◆ Aim of the task: Look below for the line with "抱礼物盒的加菲猫咪图片". Retype it and every line after it to the end, exactly, but leave out the pictures.

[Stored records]

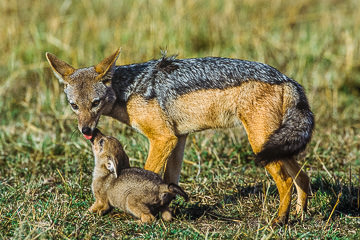 LE-AF-M-25         Black-Backed Jackal And Pup, Masai Mara National Reserve, Kenya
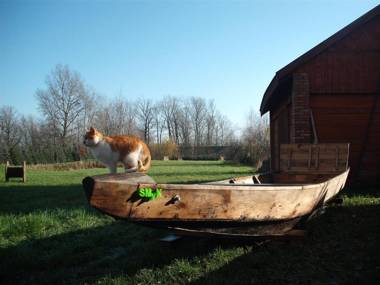 Gościniec Koćmierzów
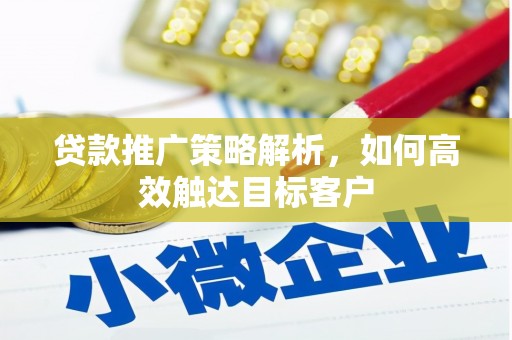 大林贷款推广策略解析，如何高效触达目标客户
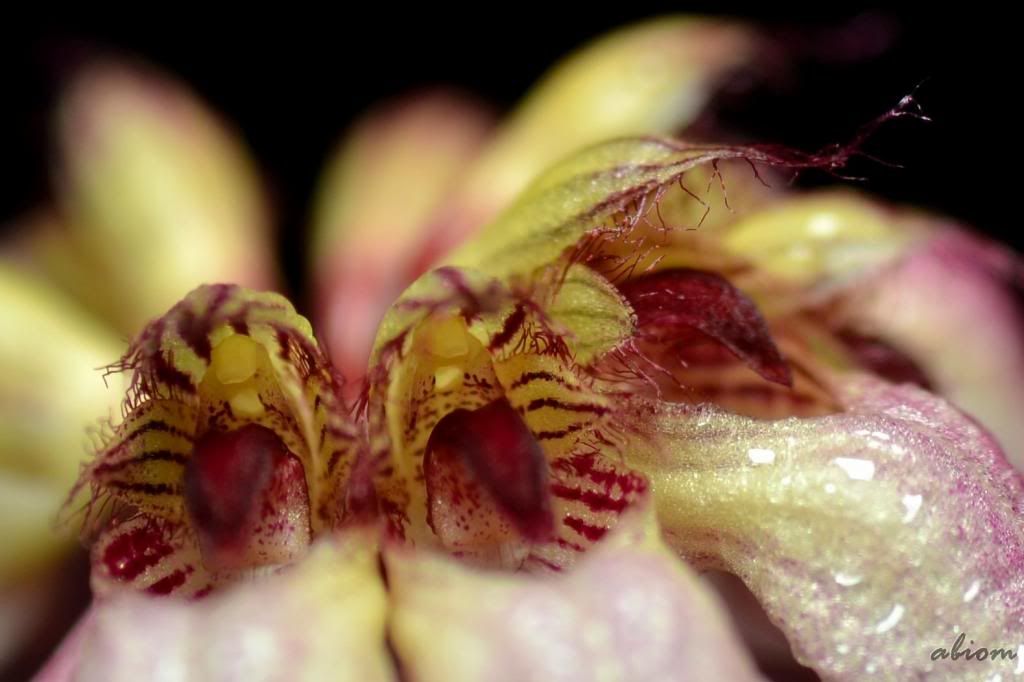 Bulbophyllum auratum photo DSC0100_zps6fb155a4.jpg
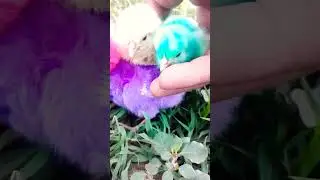 Beautiful chicken chicks sounds | Rainbow ChicksThe Most COLORFUL Chicks on the Planet #shorts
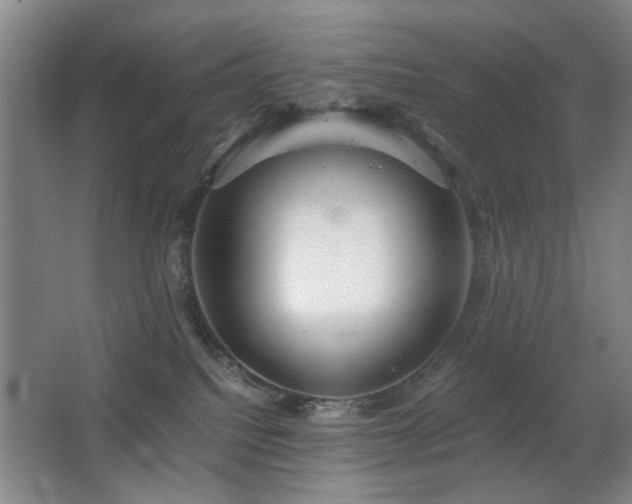 X0000063500088200601201424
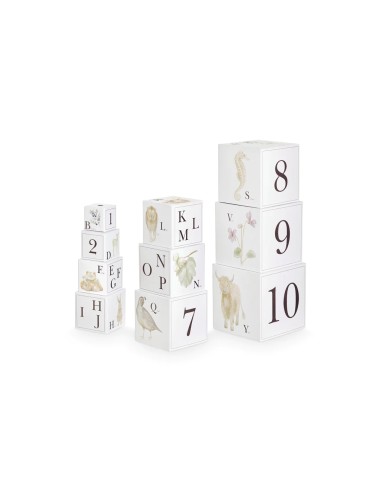Jeu de 10 Cubes empilables décorés Alphabet Animaux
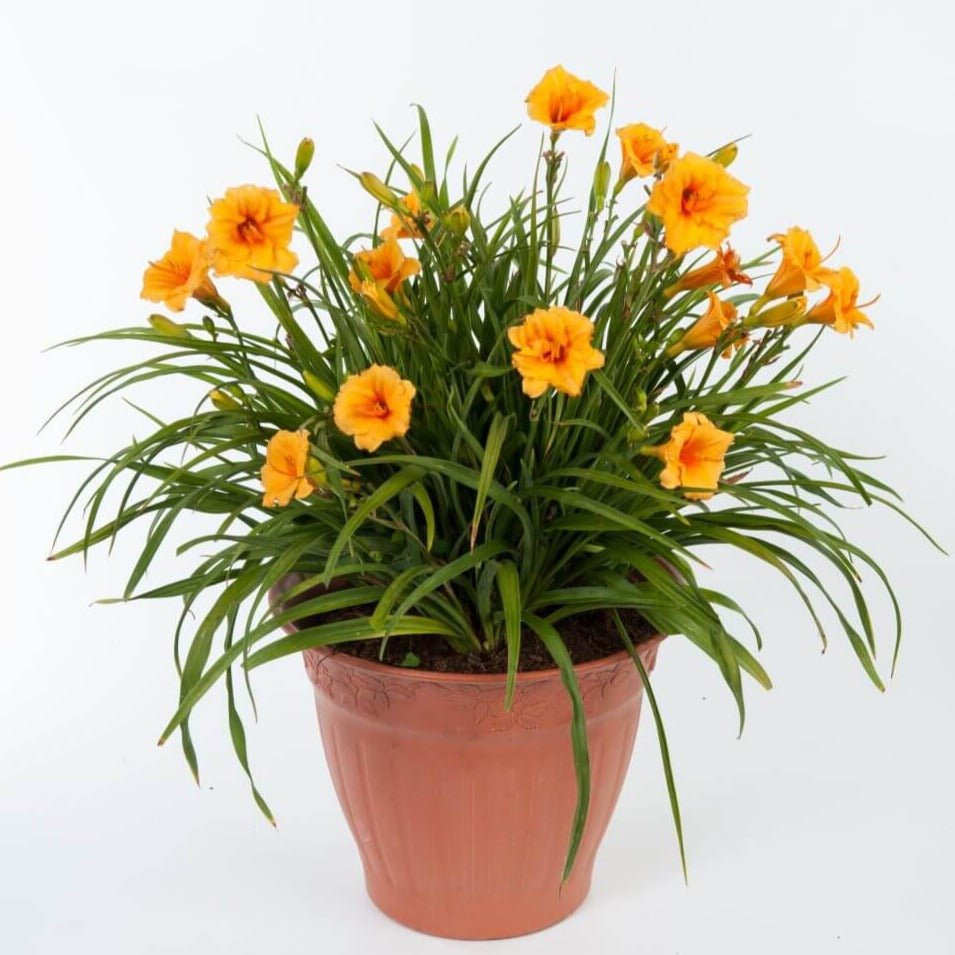 Hemerocallis: ENDLESSLILY ORANGE Plants butaşi trandafiri de grădină în ghiveci sau rădăcină liberă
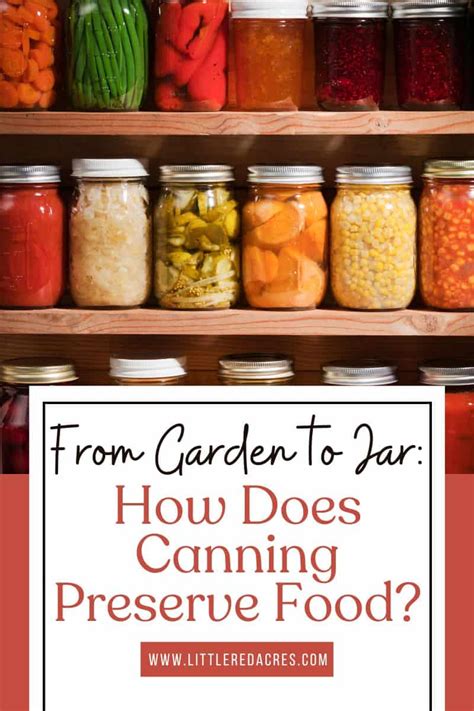 From Garden to Jar: How Does Canning Preserve Food?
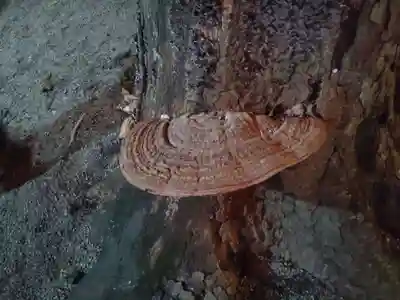 森野住吉神社(東京都)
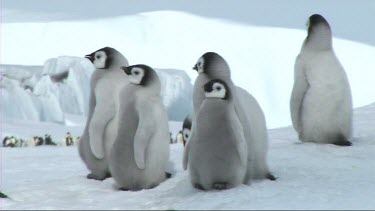 Emperor penguin chicks clustered together in nursery or cr?che for warmth and safety. Waiting for their parents to return with food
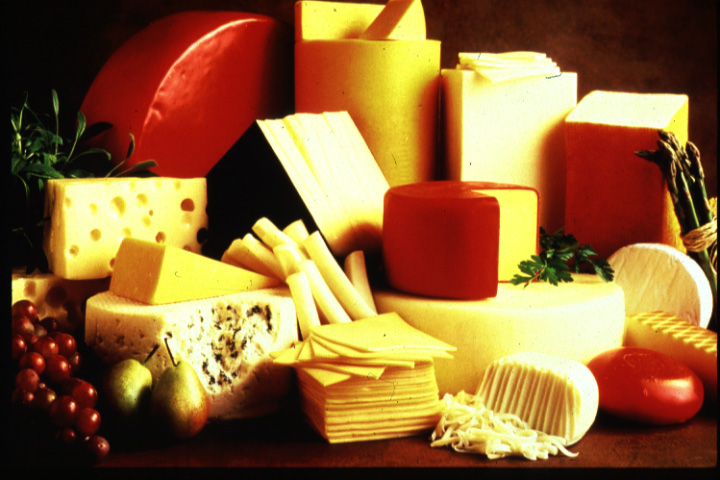 [cheese.jpg]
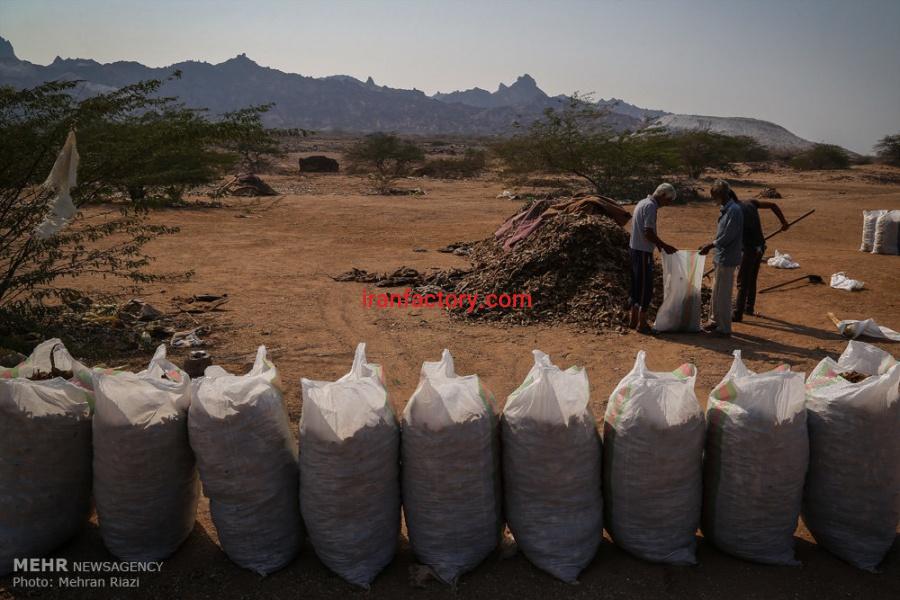فروش ماهی خشک شده مخلوط ، خرید ماهی خشک شده مخلوط برای تولید پودر ماهی7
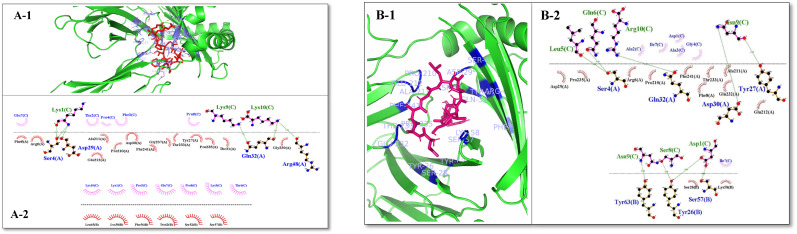 Fig. 4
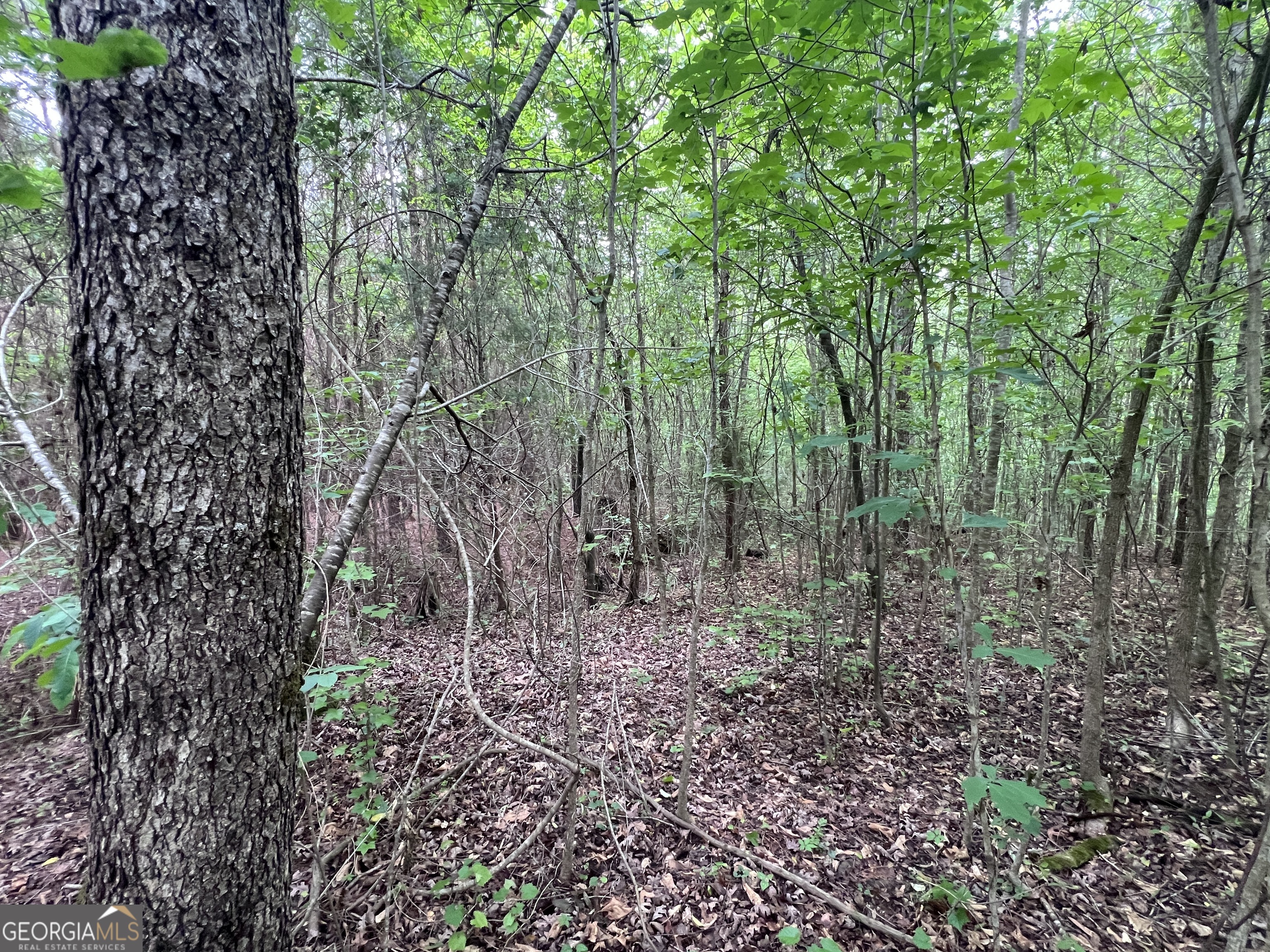 0 Bethlehem Church Road Grantville, GA 30220 - Photo 17 of 22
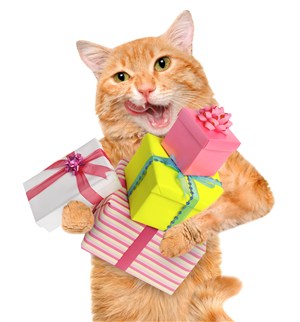 抱礼物盒的加菲猫咪图片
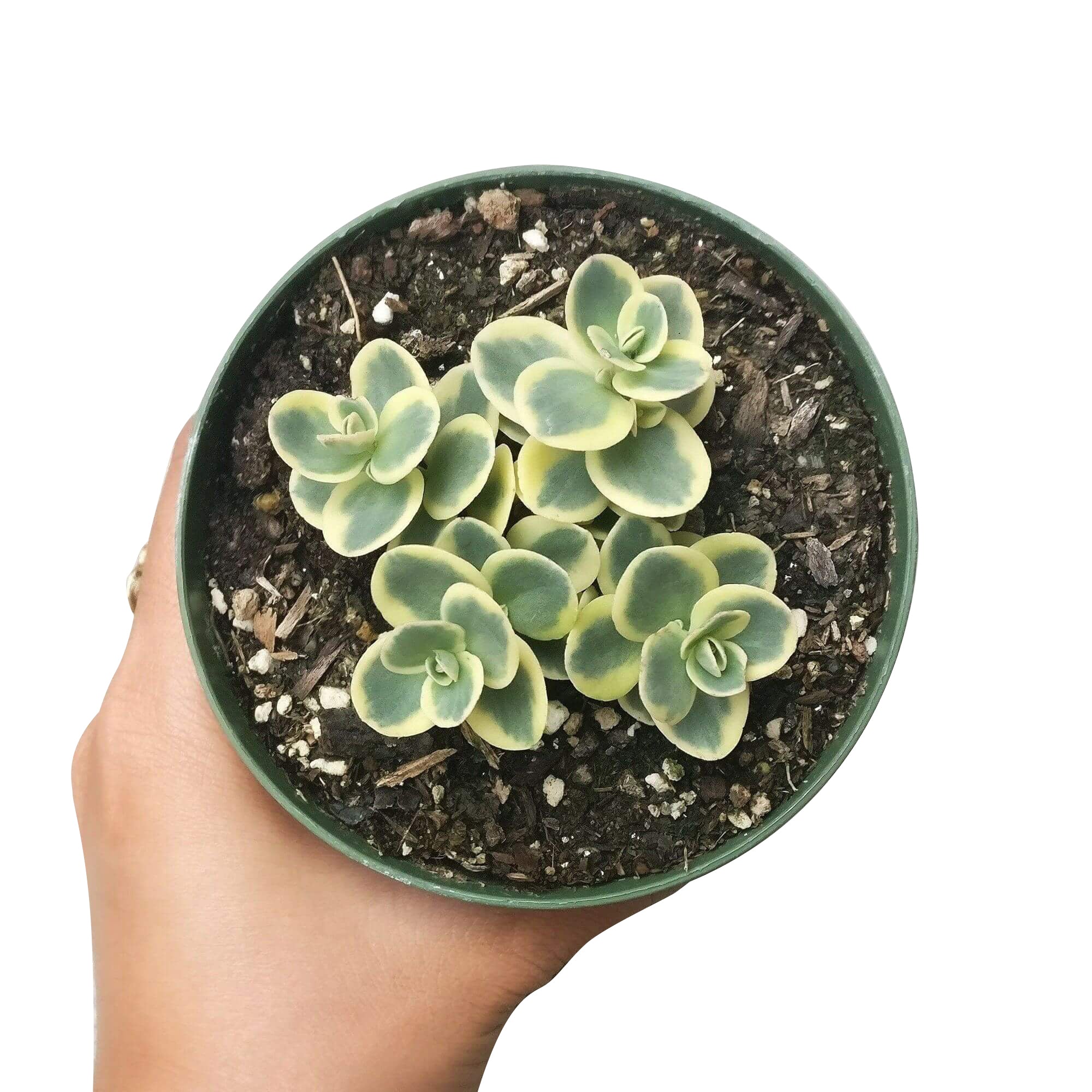 lime twister sedum succulent Sunsparkler Lime Twister Sedum (Rare & Limited)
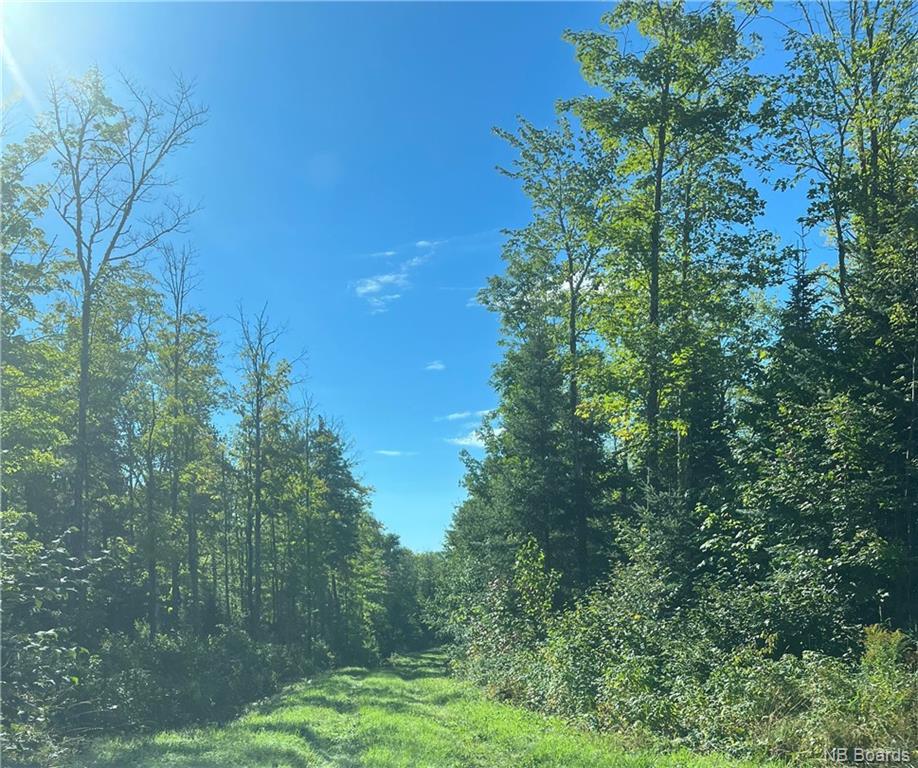 285k · 89 Acres Route 180, South Tetagouche, NB E2A 7G3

◆ Task output:
 抱礼物盒的加菲猫咪图片
 lime twister sedum succulent Sunsparkler Lime Twister Sedum (Rare & Limited)
 285k · 89 Acres Route 180, South Tetagouche, NB E2A 7G3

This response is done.